IMFine: 3D Inpainting via Geometry-guided Multi-view Refinement¶

Conference: CVPR 2025
arXiv: 2503.04501
Code: None
Area: 3D Vision
Keywords: 3D Inpainting, Object Removal, Multi-view Consistency, 3D Gaussian Splatting, Test-time Adaptation

TL;DR¶

This paper proposes IMFine, a 3D inpainting pipeline designed for unbounded scenes (including 360° captures). It generates multi-view consistent inpainted images through geometry-prior-guided warping and a test-time adaptation-based multi-view refinement network. Additionally, a novel inpainting mask detection technique is proposed to accurately distinguish the occluded regions that truly require inpainting, significantly outperforming existing methods on diverse benchmarks.

Background & Motivation¶

Background: 3D inpainting (object removal) is a key task in 3D editing. Existing methods mainly lift 2D inpainting priors to 3D. These approaches fall into two categories: implicit methods based on SDS distillation and explicit methods based on multi-view consistency.
Limitations of Prior Work: SDS-based methods suffer from over-saturation and over-smoothing issues. Explicit methods (e.g., SPInNeRF, MVIPNeRF) perform reasonably well in forward-facing scenes but produce floaters and blurry textures in unbounded scenarios with large viewpoint changes or 360° views.
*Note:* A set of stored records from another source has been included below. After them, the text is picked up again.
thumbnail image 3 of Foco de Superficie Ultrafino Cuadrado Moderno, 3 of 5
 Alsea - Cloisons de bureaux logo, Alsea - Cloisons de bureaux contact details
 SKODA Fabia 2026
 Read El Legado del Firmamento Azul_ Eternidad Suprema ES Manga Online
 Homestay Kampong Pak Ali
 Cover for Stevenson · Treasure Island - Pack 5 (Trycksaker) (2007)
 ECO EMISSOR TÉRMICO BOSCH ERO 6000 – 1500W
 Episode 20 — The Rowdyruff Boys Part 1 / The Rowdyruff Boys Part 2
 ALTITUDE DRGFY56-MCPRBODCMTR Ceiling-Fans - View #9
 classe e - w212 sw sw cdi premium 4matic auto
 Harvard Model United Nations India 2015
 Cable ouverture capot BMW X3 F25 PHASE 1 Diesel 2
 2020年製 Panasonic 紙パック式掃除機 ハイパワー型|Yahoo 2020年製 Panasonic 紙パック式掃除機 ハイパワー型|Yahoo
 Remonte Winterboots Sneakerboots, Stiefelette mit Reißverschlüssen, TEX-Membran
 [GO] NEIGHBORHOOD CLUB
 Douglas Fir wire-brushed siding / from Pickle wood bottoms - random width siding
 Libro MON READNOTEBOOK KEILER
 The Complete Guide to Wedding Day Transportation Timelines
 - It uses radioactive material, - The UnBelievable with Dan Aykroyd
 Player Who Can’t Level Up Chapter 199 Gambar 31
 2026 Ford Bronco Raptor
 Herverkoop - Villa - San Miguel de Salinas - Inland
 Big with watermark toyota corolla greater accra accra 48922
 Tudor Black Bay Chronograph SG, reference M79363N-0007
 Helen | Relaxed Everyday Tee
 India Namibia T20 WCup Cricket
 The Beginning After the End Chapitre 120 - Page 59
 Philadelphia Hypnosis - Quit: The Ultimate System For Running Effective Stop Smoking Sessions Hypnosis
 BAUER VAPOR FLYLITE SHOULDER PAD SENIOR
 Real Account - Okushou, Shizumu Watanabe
This is due to two reasons: (1) 3D geometry is difficult to recover perfectly; (2) perceptual losses only mitigate global inconsistency, leaving detail-level mismatches that cause blurry textures.
Key Challenge: Independently inpainting each viewpoint inevitably leads to inconsistency, while existing multi-view inpainting networks (e.g., MVInPainter) are constrained by dataset diversity, failing to generalize to unbounded scenes like 360° views.
Goal: To generate visually consistent and geometrically coherent 3D inpainting results in both forward-facing and unbounded scenarios.
Key Insight: To leverage single-reference view inpainting coupled with geometry-guided warping to establish coarse consistency, followed by per-scene test-time adaptation targeting the multi-view refinement network for precise detail enhancement.
Core Idea: To incorporate spatio-temporal attention layers into a pre-trained image inpainting model and adapt it into a multi-view refinement model via per-scene test-time fine-tuning, thereby generating high-fidelity and view-consistent inpainting results on warped images.

Method¶

Overall Architecture¶

Given a 3D Gaussian Splatting scene \(\mathcal{G}\), training images \(\{I_n\}\), camera poses \(\{\Pi_n\}\), and object masks \(\{M_n\}\), the pipeline consists of: (1) Object removal: learning the belonging probability of each Gaussian and pruning them; (2) Inpainting mask detection: distinguishing the object mask from the truly occluded NBS (Never-Before-Seen) regions; (3) Reference view inpainting: selecting a reference view and inpainting it using a 2D inpainting model; (4) Geometry reconstruction: aligning depth using a monocular depth estimator and filling in the depth values using gradient-guided optimization; (5) Warping: projecting the inpainted reference view onto other views; (6) Multi-view refinement: refining the warped images with a fine-tuned network; (7) GS fine-tuning: reconstructing the scene using the consistent, refined images.

Key Designs¶

Inpainting Mask Detection:
- Function: Accurately distinguishes regions in the object mask that truly require inpainting (Never-Before-Seen/NBS regions) from those already exposed in other viewpoints.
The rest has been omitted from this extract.